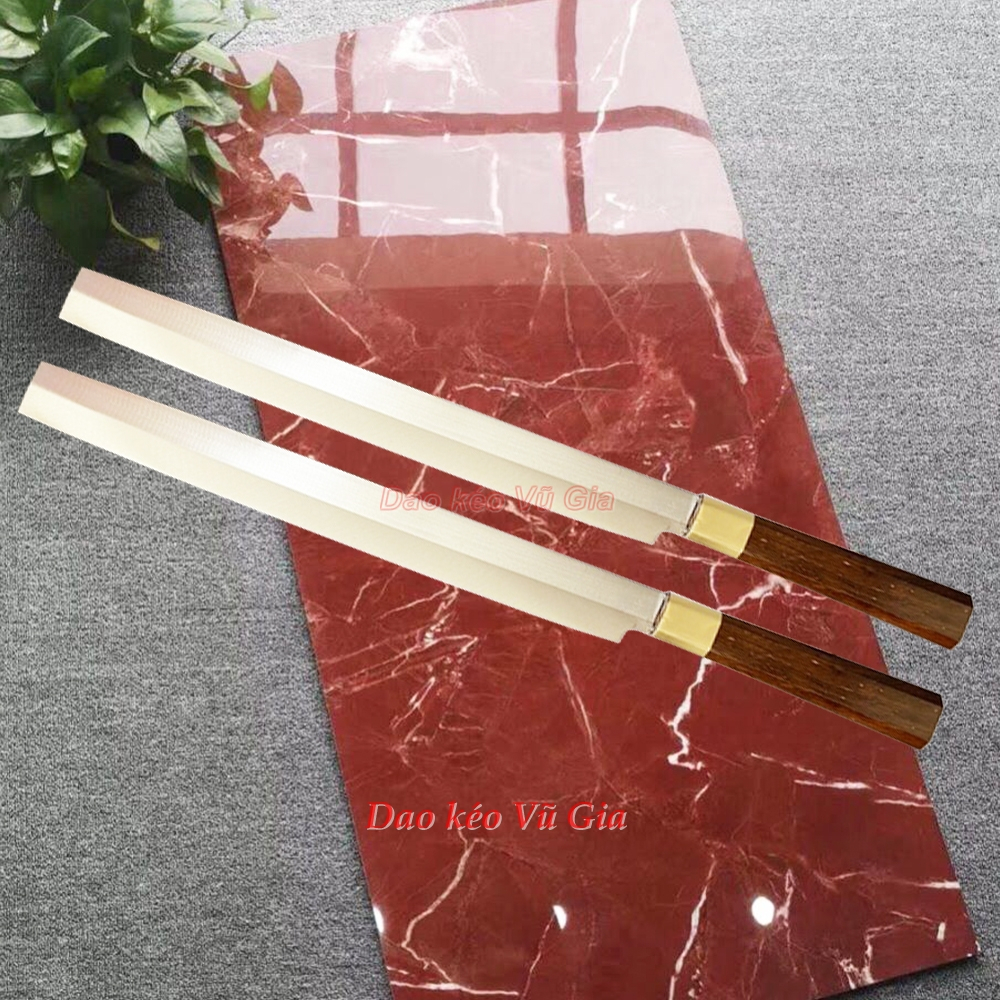Dao sashimi thái bánh mì - thái lát cá hồi cán cẩm khâu đồng 50cm - Dụng cụ nhà bếp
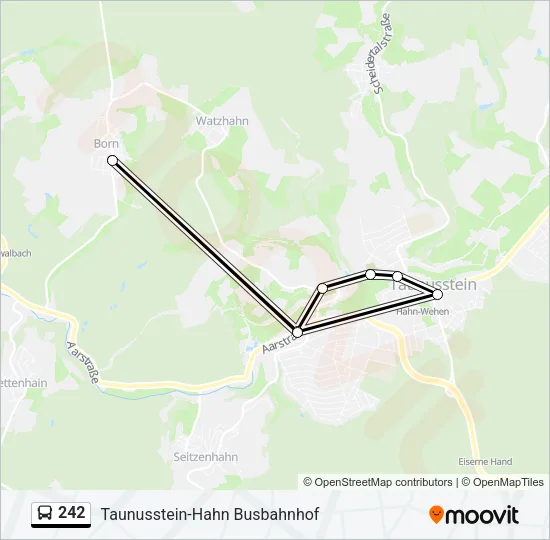 242 Bus Line Map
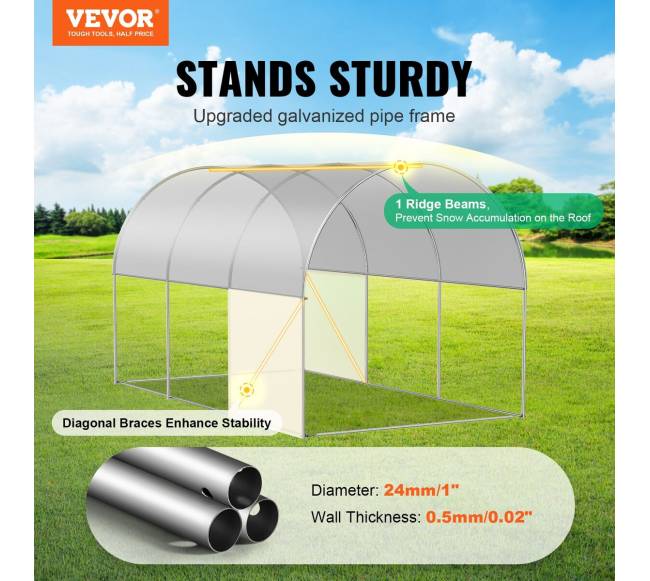 Erdvus tunelinis šiltnamis 292x196x190 cm1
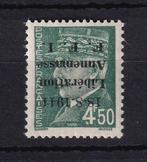 France 1944 - Rare variété chiffre maigre et surcharge, Postzegels en Munten, Gestempeld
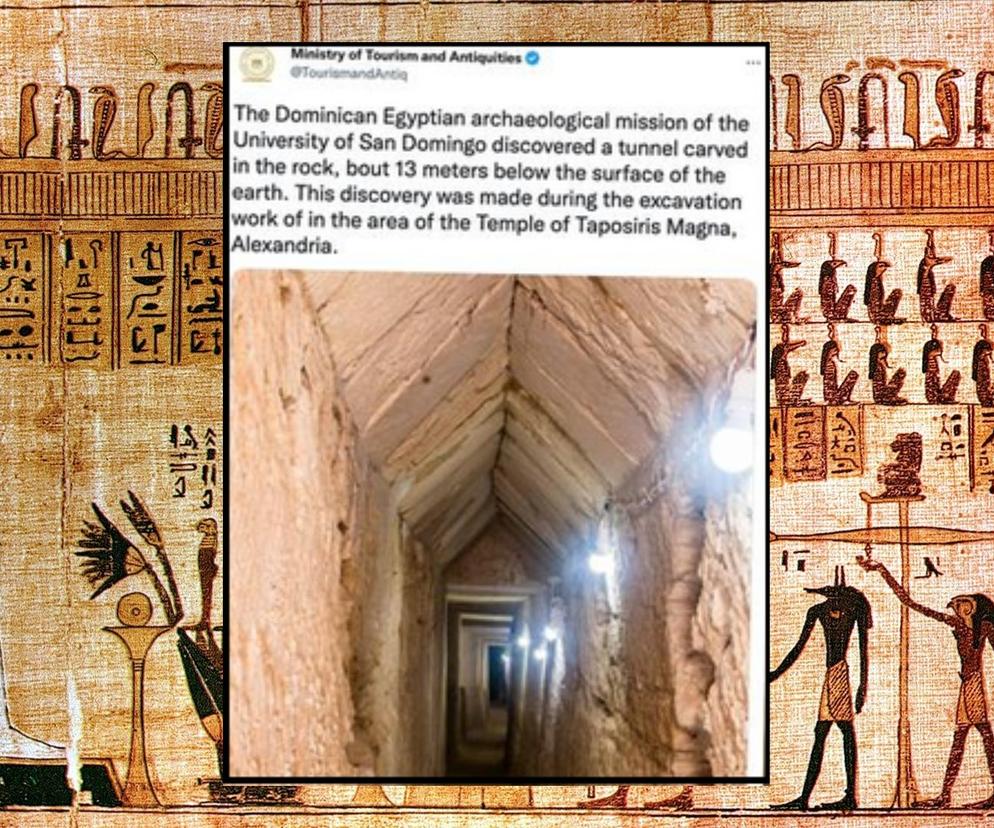 Grobowiec Kleopatry i jej kochanka. To może być jedno z największych odkryć XXI wieku
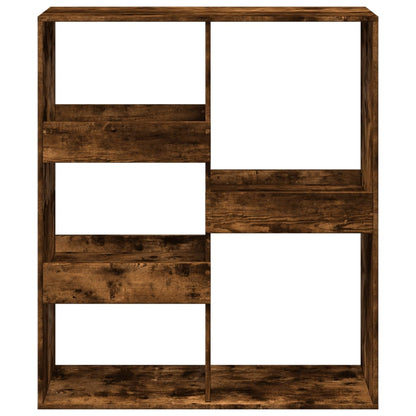 Book Cabinet/Room Divider Smoked Oak 100x33x115 cm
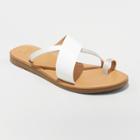 Women's Kallima Faux Leather Toe Ring Style Slide Sandals - A New Day Tan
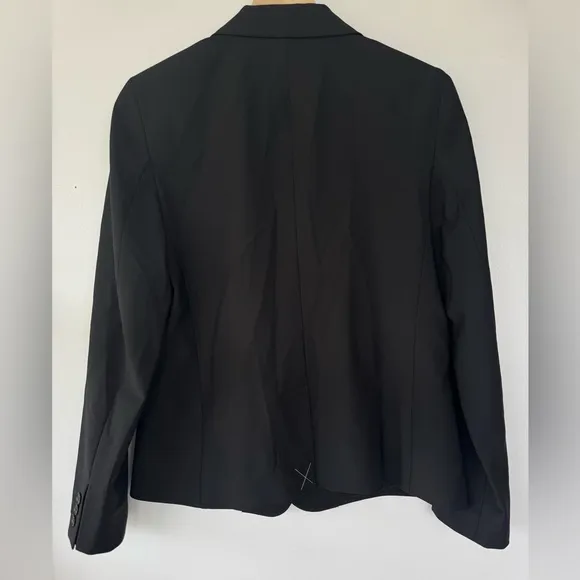 Talbots Black Blazer Classic Tailored Suit Jacketed Luxe Wool Blazer NWOT 10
■ ■ ■ ■ ■
Required work.
From the records above, extract the lines from the one holding "France 1944 - Rare" through the one holding "Women's Kallima Faux", word for word; omit the pictures.

Finished task.
 France 1944 - Rare variété chiffre maigre et surcharge, Postzegels en Munten, Gestempeld
 Grobowiec Kleopatry i jej kochanka. To może być jedno z największych odkryć XXI wieku
 Book Cabinet/Room Divider Smoked Oak 100x33x115 cm
 Women's Kallima Faux Leather Toe Ring Style Slide Sandals - A New Day Tan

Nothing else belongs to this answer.